Мое глубокое убеждение, что Соединенные Штаты Америки не включат Украину в НАТО – ну, собственно говоря, это решение американское, прежде всего, – не включат Украину в НАТО до тех пор, пока будет существовать вероятность, что в этом случае им придется столкнуться со второй ядерной сверхдержавой, или другой ядерной сверхдержавой – Россией. То есть Соединенные Штаты в XXI веке, конечно же, не будут ставить свою собственную страну под риск ядерной войны за государство или, скажем, в попытке удержать позицию, которая в сегодняшней ситуации большого стратегического значения для Соединенных Штатов Америки не имеет. И всё, то есть дорога Украины в НАТО фактически заблокирована отношениями Украины и России. Вернее, не то что Украины и России, а отношениями России и Соединенных Штатов. Пока Россия была бессильна что-либо сделать с расширением НАТО, это расширение шло. Когда она стала сигнализировать, что дальнейшее расширение… она это просигнализировала уже в Грузии через несколько месяцев после Бухарестского саммита в 2008 году, что дальнейшее расширение сопряжено с конфликтами – вооруженными конфликтами, – то охота расширяться сразу прошла. Но риторика осталась. И эта риторика будет эксплуатироваться максимально долго, пока украинцы в эту сказку будут верить. На самом деле, Украина стать союзником Соединенных Штатов, за который Соединенные Штаты обяжутся вступиться своими вооруженными силами, не станет.
Лиик. Но мне кажется, что для европейцев концепция безопасности включает очень сильную нормативную составляющую. Она базируется на Парижской хартии, где написано, что все страны Европы в состоянии выбирать сами себе своих союзников. И для европейцев вот эта самая как бы идеалистичная концепция, она очень ценна. Весь этот мировой порядок, который основан на законодательных актах или договорах после 1989 года – в основном это Парижская хартия, – для европейцев это вот почти как Евангелие, да? И из-за этого есть ощущение, что, если мы скажем, что Украина не будет членом НАТО, это подрывает всю основу европейского порядка. Но и НАТО. То есть в документах НАТО тоже написано, что НАТО может пригласить в члены страны, которые могут помогать безопасности НАТО. И это тоже толкуют в максималистской форме, что вот нельзя отказаться никакой стране в этой возможности. Другой вопрос, конечно, что если тот мировой порядок 1989 года, условно скажу, если он настолько важен для Европы, как Европа может это защищать в нынешнем мире, где баланс сил уже не тот, который был в 1989-м и в 1990-м? Ну, я думаю, на это у Европы пока хорошего ответа нет.
Баунов. Ну то есть Россия опять строит свою позицию здесь на изменившемся балансе сил, который действительно, в самом деле иной, чем на рубеже 80-90-х.

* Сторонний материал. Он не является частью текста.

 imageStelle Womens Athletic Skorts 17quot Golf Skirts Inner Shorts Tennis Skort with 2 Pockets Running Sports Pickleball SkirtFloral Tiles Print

Но, с другой стороны, Дмитрий, а зачем и с какими именно надеждами Москва требует от НАТО, от Европы, от Соединенных Штатов, в общем-то, потери лица? Там же тоже пацаны, так сказать, они же дали обещание, они сказали: «Украина и Грузия могут стать членами НАТО и будут когда-нибудь в будущем». Это обещание расплывчатое, все понимают, что сейчас за ним, наверное, ничего конкретного не последует, но требовать взять свое слово назад и требовать отодвинуть военную инфраструктуру назад – это же ну как-то унижать партнера по переговорам, ну ставить его в крайне неудобное положение. Мы прекрасно помним знаменитый эпизод книги Владимира Путина «От первого лица» (раннего, так сказать, его произведения в форме серии интервью) – вот этот эпизод про крысу, которую он там загонял в подъезде, и так далее, да? То есть вроде бы это же не мудрое поведение с точки зрения вот дипломатической классики – заставить партнера по переговорам публично потерять лицо, даже если у тебя есть на это своя правда, свои основания и, главное, силы это сделать, да? Почему не предложен выход? Почему вопрос поставлен так прямо? И сработает ли такая прямая постановка вопроса?

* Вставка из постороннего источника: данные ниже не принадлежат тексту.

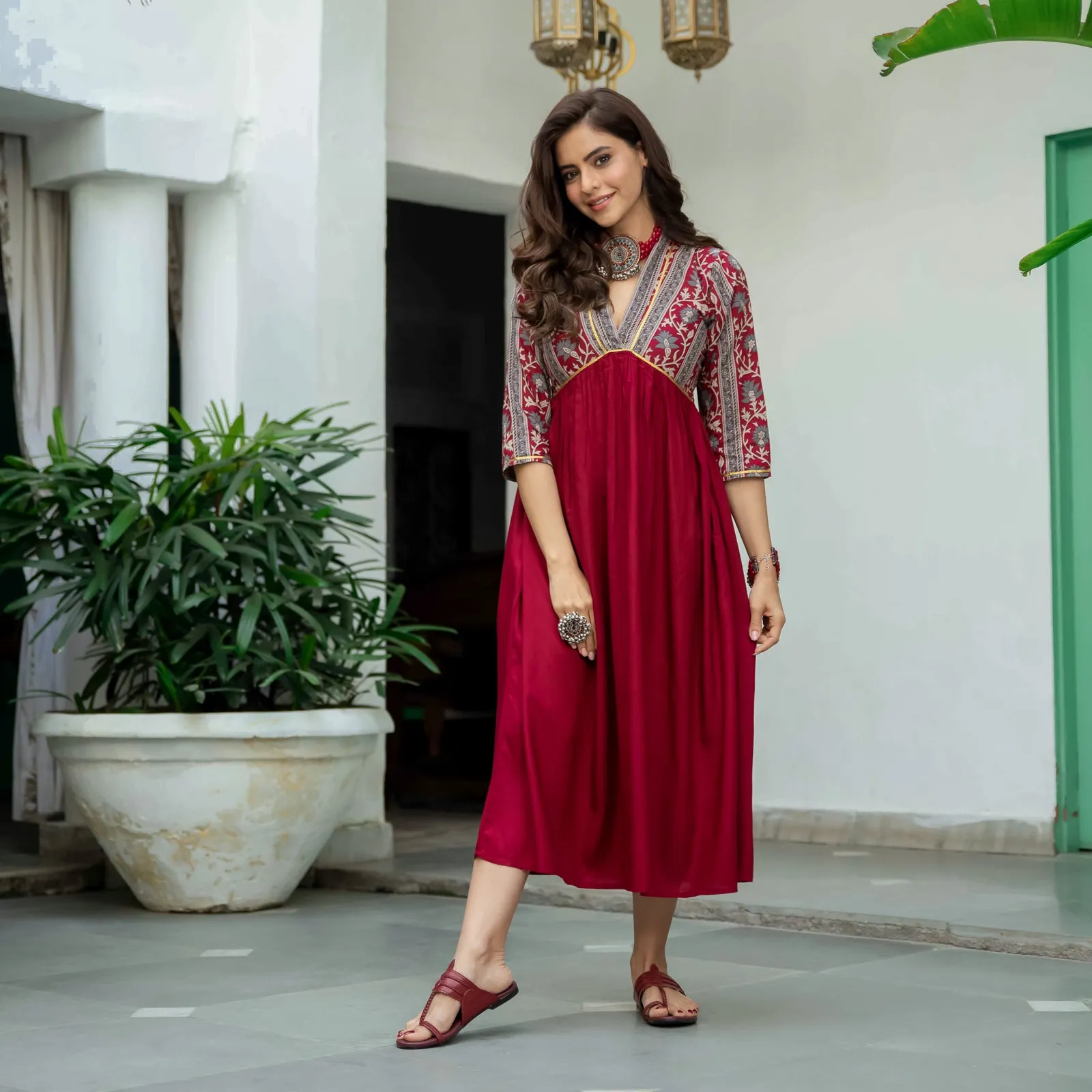 Maroon V Neck Alia Cut Dress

Тренин. Я думаю, что она уже сработала отчасти. Я не думаю, что у кого-то из серьезных людей были реальные надежды или реальные расчеты на то, что Запад возьмет и подпишется вот до российской версии договора. Конечно, нет. Но это своего рода шоковая терапия в дипломатической практике, когда вы выдвигаете очень далеко идущие требования. Собственно говоря, это не столько требования России, сколько цель ее внешней политики. Целью российской внешней политики действительно является недопущение Украины в НАТО. Целью российской внешней политики является недопущение размещения поблизости от России систем вооружений, которые способны уничтожать цели на территории России. И я думаю, что тем самым Россия привлекла внимание, безусловно, к своим требованиям, она тем самым четко изложила свои интересы, цели, скажем так, своей внешней политики в области европейской безопасности. И, что очень важно, она втянула американцев в разговор. Ведь надо иметь в виду, что тот разговор, который начался вначале в…
Баунов. Ну это еще весной произошло, да, с такой же эскалацией, да.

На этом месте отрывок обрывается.